▶ _Task brief_
If a line comes after the one containing "2011 Signatory Vintage", leave it out; copy every line before it, and that line too, exactly as written, starting from the first line of the entries.

Segment Start: Extracted material

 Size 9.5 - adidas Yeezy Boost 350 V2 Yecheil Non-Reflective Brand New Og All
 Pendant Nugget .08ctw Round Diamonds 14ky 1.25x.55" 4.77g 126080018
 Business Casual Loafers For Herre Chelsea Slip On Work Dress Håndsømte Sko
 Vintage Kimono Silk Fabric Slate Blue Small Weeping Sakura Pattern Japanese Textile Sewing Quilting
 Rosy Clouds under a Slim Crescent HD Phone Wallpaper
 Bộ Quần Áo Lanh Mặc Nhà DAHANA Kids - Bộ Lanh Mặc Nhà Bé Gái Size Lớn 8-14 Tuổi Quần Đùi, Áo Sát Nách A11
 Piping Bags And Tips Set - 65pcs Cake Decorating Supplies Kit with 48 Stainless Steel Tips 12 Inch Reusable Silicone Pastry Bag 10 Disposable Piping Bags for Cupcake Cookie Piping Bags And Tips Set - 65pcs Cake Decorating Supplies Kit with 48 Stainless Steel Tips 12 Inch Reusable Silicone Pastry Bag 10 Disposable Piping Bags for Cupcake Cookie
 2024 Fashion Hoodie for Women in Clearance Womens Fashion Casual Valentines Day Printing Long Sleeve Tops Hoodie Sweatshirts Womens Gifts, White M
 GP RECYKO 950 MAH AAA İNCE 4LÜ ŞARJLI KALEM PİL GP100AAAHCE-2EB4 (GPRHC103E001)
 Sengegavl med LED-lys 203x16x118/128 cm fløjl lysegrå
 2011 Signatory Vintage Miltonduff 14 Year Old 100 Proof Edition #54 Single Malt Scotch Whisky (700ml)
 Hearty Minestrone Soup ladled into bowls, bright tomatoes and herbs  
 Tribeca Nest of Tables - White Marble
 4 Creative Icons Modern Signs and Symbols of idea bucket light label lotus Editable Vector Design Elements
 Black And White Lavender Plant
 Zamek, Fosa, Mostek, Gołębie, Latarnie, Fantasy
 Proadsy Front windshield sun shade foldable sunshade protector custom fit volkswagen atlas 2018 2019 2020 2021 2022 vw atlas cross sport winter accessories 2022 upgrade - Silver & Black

Segment End: Extracted material

▶ _Completed task_
 Size 9.5 - adidas Yeezy Boost 350 V2 Yecheil Non-Reflective Brand New Og All
 Pendant Nugget .08ctw Round Diamonds 14ky 1.25x.55" 4.77g 126080018
 Business Casual Loafers For Herre Chelsea Slip On Work Dress Håndsømte Sko
 Vintage Kimono Silk Fabric Slate Blue Small Weeping Sakura Pattern Japanese Textile Sewing Quilting
 Rosy Clouds under a Slim Crescent HD Phone Wallpaper
 Bộ Quần Áo Lanh Mặc Nhà DAHANA Kids - Bộ Lanh Mặc Nhà Bé Gái Size Lớn 8-14 Tuổi Quần Đùi, Áo Sát Nách A11
 Piping Bags And Tips Set - 65pcs Cake Decorating Supplies Kit with 48 Stainless Steel Tips 12 Inch Reusable Silicone Pastry Bag 10 Disposable Piping Bags for Cupcake Cookie Piping Bags And Tips Set - 65pcs Cake Decorating Supplies Kit with 48 Stainless Steel Tips 12 Inch Reusable Silicone Pastry Bag 10 Disposable Piping Bags for Cupcake Cookie
 2024 Fashion Hoodie for Women in Clearance Womens Fashion Casual Valentines Day Printing Long Sleeve Tops Hoodie Sweatshirts Womens Gifts, White M
 GP RECYKO 950 MAH AAA İNCE 4LÜ ŞARJLI KALEM PİL GP100AAAHCE-2EB4 (GPRHC103E001)
 Sengegavl med LED-lys 203x16x118/128 cm fløjl lysegrå
 2011 Signatory Vintage Miltonduff 14 Year Old 100 Proof Edition #54 Single Malt Scotch Whisky (700ml)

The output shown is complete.